And from the shop owner's perspective:
1. Insurance that runs approximately 10-15% of the shop gross, and will fight tooth and nail against paying any claim (in sharp contrast to flight school insurance, who wallpaper anyone who can spell "claim" correctly in cash and prizes)
2. A talent pool that is more akin to a crapped-in puddle, where a "green" A&P will actually remove value from the shop for their first 2-3 years of employ.
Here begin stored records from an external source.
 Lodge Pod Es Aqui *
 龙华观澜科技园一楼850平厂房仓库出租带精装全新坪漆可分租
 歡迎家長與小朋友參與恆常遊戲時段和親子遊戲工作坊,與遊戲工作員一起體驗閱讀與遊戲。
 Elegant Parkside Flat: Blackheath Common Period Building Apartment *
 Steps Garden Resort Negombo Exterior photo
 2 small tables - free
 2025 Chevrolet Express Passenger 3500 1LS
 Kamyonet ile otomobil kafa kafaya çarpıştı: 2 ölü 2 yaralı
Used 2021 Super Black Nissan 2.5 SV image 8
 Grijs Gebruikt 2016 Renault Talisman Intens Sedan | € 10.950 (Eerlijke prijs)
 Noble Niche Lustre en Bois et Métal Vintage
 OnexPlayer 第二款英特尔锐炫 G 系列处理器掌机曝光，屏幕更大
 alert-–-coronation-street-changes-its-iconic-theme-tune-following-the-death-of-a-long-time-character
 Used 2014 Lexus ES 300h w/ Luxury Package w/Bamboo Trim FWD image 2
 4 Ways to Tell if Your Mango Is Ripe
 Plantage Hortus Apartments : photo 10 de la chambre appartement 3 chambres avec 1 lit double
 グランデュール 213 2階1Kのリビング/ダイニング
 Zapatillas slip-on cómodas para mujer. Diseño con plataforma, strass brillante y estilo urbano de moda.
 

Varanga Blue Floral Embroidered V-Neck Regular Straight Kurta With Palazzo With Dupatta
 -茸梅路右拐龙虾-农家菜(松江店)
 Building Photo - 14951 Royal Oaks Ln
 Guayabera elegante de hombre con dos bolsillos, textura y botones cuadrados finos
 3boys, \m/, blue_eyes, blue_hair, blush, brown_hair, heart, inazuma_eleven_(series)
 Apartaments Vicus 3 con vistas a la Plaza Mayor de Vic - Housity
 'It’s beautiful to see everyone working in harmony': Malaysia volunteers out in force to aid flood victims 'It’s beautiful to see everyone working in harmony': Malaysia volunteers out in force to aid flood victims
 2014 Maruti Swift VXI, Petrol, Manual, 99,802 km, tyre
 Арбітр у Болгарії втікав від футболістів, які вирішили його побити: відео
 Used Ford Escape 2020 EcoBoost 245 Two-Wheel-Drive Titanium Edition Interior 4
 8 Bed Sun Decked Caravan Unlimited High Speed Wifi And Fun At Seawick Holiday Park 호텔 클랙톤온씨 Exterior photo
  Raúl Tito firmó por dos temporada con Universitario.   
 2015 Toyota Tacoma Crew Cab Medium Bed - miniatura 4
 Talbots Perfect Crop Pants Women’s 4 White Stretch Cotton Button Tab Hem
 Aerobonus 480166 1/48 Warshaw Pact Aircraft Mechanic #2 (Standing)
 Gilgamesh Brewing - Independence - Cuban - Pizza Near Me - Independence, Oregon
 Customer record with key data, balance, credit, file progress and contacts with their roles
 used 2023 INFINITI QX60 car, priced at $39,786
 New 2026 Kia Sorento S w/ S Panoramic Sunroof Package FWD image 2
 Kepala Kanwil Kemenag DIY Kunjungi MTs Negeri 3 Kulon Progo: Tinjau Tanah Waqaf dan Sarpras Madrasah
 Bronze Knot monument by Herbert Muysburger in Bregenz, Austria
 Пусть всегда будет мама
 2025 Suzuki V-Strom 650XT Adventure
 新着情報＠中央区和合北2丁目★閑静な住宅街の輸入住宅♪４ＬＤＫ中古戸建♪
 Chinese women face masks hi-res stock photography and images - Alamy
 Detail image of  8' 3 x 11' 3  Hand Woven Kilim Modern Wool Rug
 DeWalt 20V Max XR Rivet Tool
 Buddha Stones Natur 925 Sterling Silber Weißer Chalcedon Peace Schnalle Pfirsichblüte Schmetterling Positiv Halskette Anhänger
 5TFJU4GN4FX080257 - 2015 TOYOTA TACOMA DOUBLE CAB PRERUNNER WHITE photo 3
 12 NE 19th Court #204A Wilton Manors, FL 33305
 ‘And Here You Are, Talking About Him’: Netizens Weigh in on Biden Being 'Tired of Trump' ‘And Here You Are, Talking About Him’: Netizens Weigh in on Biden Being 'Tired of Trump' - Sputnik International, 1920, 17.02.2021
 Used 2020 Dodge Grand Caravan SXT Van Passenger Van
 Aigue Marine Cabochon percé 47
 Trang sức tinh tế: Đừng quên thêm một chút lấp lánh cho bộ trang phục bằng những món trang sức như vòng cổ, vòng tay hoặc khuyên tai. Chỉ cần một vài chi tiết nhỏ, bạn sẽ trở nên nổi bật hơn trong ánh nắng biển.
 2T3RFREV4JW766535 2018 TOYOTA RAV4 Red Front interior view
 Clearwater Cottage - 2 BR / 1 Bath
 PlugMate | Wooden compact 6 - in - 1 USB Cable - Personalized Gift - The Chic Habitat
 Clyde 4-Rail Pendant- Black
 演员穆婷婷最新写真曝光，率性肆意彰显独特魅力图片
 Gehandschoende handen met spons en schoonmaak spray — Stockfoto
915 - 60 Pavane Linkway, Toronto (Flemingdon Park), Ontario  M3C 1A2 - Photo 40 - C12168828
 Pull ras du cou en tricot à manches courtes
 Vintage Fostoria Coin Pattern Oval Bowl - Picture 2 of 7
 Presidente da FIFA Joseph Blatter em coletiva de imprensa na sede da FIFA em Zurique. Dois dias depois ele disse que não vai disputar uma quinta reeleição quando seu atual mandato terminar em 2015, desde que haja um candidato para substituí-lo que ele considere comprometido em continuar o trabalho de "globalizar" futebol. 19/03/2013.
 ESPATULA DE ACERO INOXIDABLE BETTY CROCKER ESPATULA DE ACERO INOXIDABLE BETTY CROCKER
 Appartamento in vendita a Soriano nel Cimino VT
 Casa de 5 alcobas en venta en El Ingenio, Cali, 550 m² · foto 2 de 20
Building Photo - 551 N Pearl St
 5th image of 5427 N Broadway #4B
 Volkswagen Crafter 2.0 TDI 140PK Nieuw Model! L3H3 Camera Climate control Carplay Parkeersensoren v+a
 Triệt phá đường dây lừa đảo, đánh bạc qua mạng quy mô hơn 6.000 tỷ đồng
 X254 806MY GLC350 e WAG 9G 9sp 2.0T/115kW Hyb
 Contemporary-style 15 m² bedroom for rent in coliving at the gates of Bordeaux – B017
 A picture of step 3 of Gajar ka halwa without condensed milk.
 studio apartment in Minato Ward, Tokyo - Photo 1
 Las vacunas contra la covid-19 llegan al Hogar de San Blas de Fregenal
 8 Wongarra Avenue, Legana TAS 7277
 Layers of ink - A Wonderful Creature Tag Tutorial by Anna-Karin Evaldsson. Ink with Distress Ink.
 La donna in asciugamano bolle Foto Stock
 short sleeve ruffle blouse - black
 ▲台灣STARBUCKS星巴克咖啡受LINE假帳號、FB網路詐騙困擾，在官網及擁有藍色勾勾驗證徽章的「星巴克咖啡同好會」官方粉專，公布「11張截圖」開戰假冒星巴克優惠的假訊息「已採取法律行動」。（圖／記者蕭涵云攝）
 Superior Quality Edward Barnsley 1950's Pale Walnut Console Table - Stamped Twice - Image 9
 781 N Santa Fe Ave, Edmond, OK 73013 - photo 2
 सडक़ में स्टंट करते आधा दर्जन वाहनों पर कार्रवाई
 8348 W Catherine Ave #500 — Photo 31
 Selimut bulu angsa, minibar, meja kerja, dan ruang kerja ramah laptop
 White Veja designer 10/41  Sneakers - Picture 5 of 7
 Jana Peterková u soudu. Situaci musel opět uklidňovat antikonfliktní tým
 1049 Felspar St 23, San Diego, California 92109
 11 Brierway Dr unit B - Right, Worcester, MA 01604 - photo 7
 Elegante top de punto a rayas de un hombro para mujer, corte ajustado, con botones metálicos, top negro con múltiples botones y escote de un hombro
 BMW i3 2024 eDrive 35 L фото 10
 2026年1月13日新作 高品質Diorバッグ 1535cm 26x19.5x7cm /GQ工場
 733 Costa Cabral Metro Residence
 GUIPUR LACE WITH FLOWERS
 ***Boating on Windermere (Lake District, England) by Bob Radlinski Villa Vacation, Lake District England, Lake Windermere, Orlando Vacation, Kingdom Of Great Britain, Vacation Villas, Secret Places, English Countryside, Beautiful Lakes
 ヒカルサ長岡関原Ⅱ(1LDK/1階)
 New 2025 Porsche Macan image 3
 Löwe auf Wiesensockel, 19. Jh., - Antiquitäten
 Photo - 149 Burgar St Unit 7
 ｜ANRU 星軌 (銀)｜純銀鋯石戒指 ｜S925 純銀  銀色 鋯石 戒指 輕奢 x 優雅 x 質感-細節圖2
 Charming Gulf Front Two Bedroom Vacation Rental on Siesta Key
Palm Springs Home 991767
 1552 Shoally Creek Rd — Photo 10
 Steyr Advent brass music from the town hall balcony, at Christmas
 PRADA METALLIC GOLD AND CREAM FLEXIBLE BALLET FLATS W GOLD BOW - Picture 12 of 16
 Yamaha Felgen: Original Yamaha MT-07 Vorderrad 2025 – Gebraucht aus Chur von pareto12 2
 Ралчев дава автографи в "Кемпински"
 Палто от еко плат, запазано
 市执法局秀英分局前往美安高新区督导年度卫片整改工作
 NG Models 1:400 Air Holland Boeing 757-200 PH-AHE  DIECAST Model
Then once they get skills and are sufficiently non-lethal without constant supervision, they can bail to anywhere else for more $
3. The constant kvetching of aircraft owners who want all service on their handmade antique aircraft to be as simple, predictable and "rack rated" as their Honda Civic, which is itself nearing antique status
4. Shoddy parts vendors who barely honor their tiny warranty, leaving guess who to eat the labor for R&R/troubleshooting of the "new" or "overhauled" item that turned out to be trash.
5. FAA critters who obstruct every damned thing from their comfy chair, but still find time to sneak out of said chair and poke head into the hangar and threaten/complain/cheshire-cat-grin about some just-overdue calibration sticker or other minor paperwork shuffle like we were a baby-killing factory.
Add the aforementioned constant threat to livelihood and savings accounts should an incident occur, and, well... I wonder why more folks aren't diving into this pool
Both sides of this coin have long and valid complaints about one another. It's pretty intractable and I don't know the easy fix.